Smyrna has been an important city for at least 3000 years. Occupying one of the most beautiful and commanding positions in the eastern aegean coastland, at the head of a deep and sheltered gulf, it has had a very chequered but honourable history, and it is to-day by far the most prosperous city in Asia Minor having a quarter of a million inhabitants. ‘Old Smyrna’-ἡ παλαιὰ Σμύρνα (Strabo, XIV. i. 37)-was colonized by the aeolians, captured from them by the Ionians, and almost destroyed (in the 7th cent. b.c.) by the Lydians. It lay under Mt. Sipylos, 2 or 3 miles N. of ‘New Smyrna,’ which was founded by Lysimachus (circa, about 290 b.c.), and built along the southern shore of the Gulf and up the slopes of Mt. Pagos, the westernmost spur of the Tmolus range.

Smyrna was the emporium for the trade of the fertile Hermus valley, and the terminus of one of the great roads from the interior of Asia Minor. It was noted for its carefully-planned streets-one of them called ‘Golden Street’-and splendid public buildings. Its citizens owed much to their sagacious friendship with Rome. As early as 195 b.c. they dedicated a shrine to Roma, and in all the struggles of the next two centuries Smyrna was invariably on the Roman-that is, the winning-side. She was rewarded for her fidelity by being constituted a civitas libera et immunis, and under Tiberius she was chosen from among twelve keen rivals, of whom Sardis was the most powerful, to have the honour of building a temple to the Emperor (Tacitus, Ann. iv. 55f.).
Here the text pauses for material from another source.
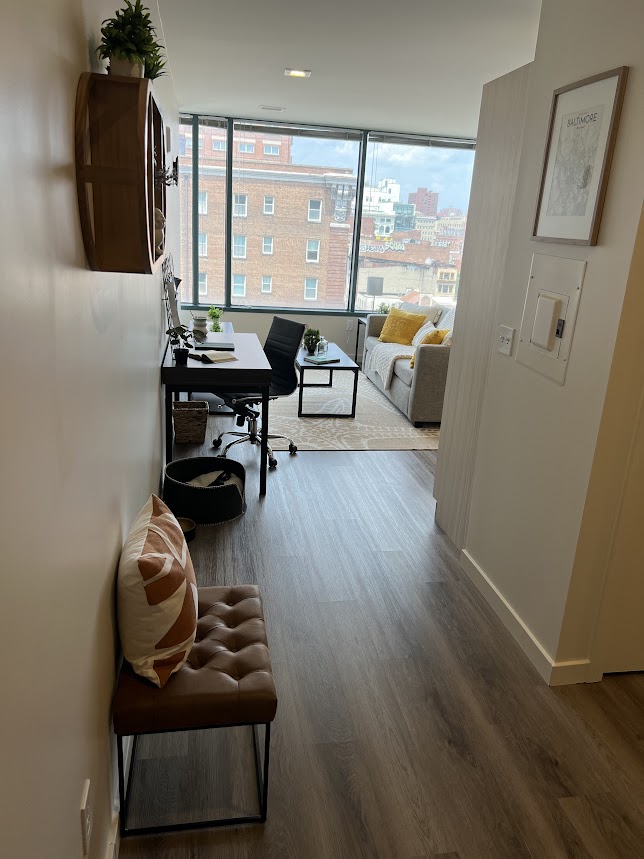 image of hallway leading into living room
The message to Smyrna in Rev. (Revelation 2:8-11) is at once the briefest and the most eulogistic of all the Seven Letters. Like the others, it unquestionably contains a number of pointed local allusions. Words which may now seem pale and neutral were deeply significant to the first readers. St. John knew each of his churches almost as a living personality, and no touch is superfluous or irrelevant in his clearly-conceived and carefully-etched portraits. The title which he chooses for the Sender of the letters is in every instance apposite. The message to Smyrna comes from ‘the First and the Last’ (Revelation 2:8). Smyrna was the most ambitious of all the cities of Asia, and her municipal self-consciousness was inordinately developed. She could brook no rivals; she coveted all the honours and prizes; she appropriated the title πρώτη Ἀσίας. Her claim to be first in beauty was scarcely disputed, Strabo (XIV. i. 37) calling her καλλίστη πασῶν. She counted the greatest of poets one of her sons-though many other cities questioned the claim-and built a Homereion in his honour. She convinced the Roman Senate that she ‘first reared a temple to the city of Rome’ (Tacitus, Ann. iv. 56), and she wished to be first, as a νεωκόρος or temple-warden, to pay divine honours to the Emperor. She was like the Homeric hero whom nothing would Satisfy but αἰὲν ἀριστεύειν, καὶ ὑπείροχον ἔμμεναι ἄλλων (Il. vi. 208). To this ‘First City’ comes a letter from the First and the Last. Let her but once recognize His primacy, and she is likely to revise all her civic ideals, to renounce all her self-centred ambitions. Her first and most illustrious citizens will be her martyrs. Her standard of comparison will no longer be Ephesus or Sardis or Pergamos or even Rome, but the City of God, in which the last is first.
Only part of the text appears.